Quando il cessate-il-fuoco permetterà a personale e giornalisti occidentali un racconto più nitido di quanto è successo a Gaza in questi mesi, sarà ancor più chiaro che scegliendo quel modo di fare la guerra la destra israeliana ha macchiato l’immagine del Paese nelle decadi a venire, e nelle proporzioni devastanti illustrate dai sondaggi condotti nelle università americane: la futura classe dirigente occidentale sta introiettando una idea fosca di Israele.
Pensare di cambiare questa percezione strillando all’antisemitismo con i pretesti più futili, la tattica prediletta dal governo Netanyahu e dai suo fans occidentali, può solo peggiorare le cose. Non aiuterà a isolare il razzismo giudeofobico. Non taciterà le accuse al governo Netanyahu, non fosse altro perché le più affilate provengono da ebrei. Da quell’ebraismo liberale che può ancora salvare Israele.

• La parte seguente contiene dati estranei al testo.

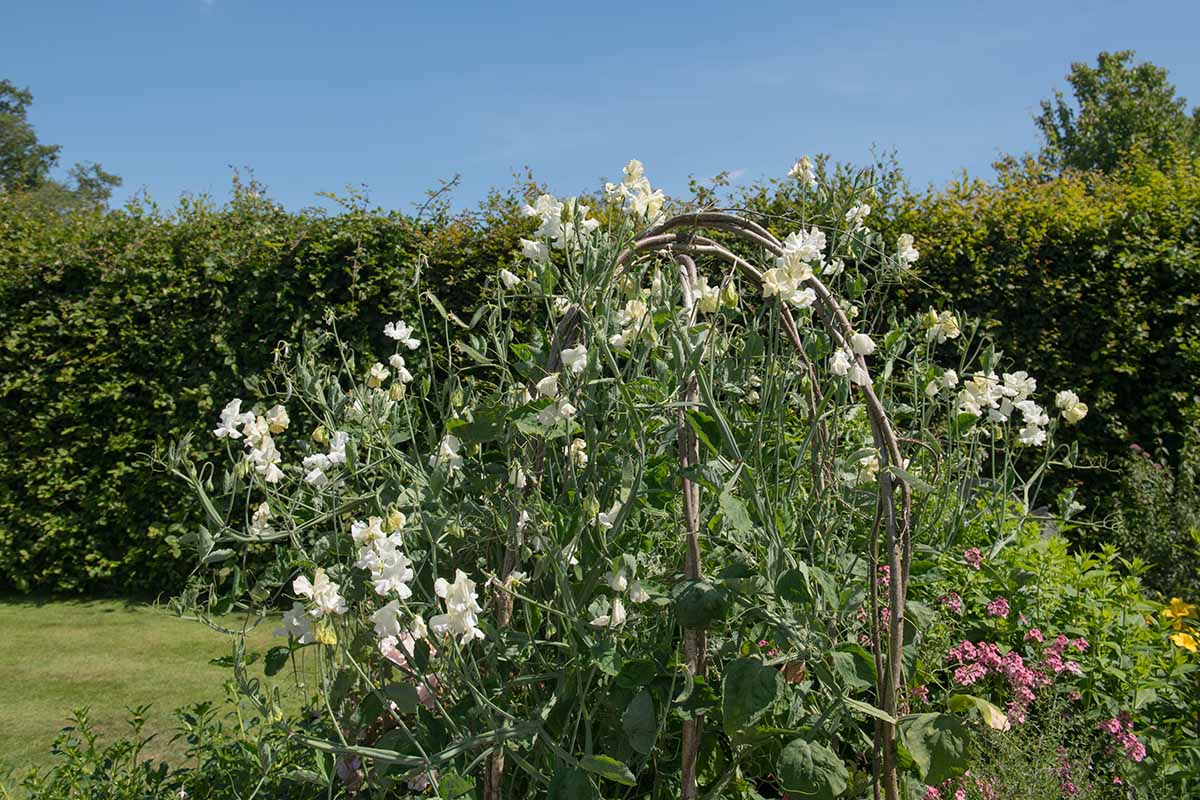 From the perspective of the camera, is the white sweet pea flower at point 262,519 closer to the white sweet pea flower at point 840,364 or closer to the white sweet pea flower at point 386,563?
the white sweet pea flower at point 386,563

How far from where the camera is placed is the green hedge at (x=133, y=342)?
525 centimetres

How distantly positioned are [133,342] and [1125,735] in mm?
5679

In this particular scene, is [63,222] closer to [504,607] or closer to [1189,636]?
[504,607]

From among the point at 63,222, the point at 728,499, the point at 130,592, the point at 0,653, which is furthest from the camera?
the point at 63,222

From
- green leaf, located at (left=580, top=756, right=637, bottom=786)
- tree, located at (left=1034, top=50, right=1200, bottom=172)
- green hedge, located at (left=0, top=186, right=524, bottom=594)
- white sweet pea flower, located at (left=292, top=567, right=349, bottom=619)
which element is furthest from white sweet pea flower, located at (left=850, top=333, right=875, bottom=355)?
tree, located at (left=1034, top=50, right=1200, bottom=172)

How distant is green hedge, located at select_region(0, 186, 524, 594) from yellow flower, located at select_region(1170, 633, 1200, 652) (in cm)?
385

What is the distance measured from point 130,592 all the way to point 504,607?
203 inches

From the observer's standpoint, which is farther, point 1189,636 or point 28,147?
point 28,147

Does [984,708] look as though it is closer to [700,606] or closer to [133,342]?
[700,606]

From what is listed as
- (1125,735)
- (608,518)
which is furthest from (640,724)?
(1125,735)

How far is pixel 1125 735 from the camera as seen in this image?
229cm

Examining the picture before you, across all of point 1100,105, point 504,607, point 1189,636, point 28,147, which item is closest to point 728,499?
point 504,607

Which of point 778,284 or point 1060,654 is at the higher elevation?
point 778,284

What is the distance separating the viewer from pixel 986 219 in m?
5.03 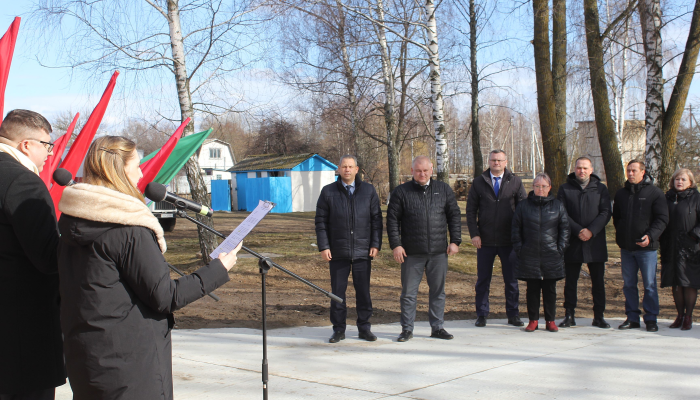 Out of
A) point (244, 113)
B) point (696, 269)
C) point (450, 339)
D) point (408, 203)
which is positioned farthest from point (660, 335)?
point (244, 113)

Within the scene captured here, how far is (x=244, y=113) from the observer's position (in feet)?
37.0

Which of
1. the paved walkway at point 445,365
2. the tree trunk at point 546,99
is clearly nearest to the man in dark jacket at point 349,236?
the paved walkway at point 445,365

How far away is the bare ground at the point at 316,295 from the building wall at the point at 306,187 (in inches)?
690

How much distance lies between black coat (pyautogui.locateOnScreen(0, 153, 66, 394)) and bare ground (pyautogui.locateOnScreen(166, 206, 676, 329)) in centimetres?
408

Sarà anche un ragionare col senno di poi, ma se Israele si fosse limitata a punire il pogrom di Hamas con omicidi selettivi, probabilmente avrebbe costretto non solo le opinioni pubbliche arabe ma perfino l’oltranzismo palestinese a fare i conti con l’infamia di quell’attacco e con le proprie divisioni. Così non è stato.
Si è preferito una guerra disumana nella quale l’esercito è stato autorizzato a sterminare fino a cento civili se intravedeva l’occasione di uccidere con quelli anche un capo di Hamas. Di fronte a questo scempio di vite e di valori che ha pochi precedenti in questo secolo, gran parte dell’Occidente ha finto di non capire.
Era annunciata come la guerra del Bene contro il Male, della democrazia contro il terrorismo: ma il Bene era cieco e la democrazia inclinava al terrorismo. A parte Irlanda, Spagna, Belgio e il solitario Borrell, la Ue ha dato di sé un’immagine che si è tentati dal definire miserabile. Di fatto assente. Qualche mugugno perché Israele "eccedeva”. Un deciso no a sanzioni. Declinato nella retorica di destra oppure di sinistra, comunque il nulla. Col quale dovremmo cominciare a fare i conti.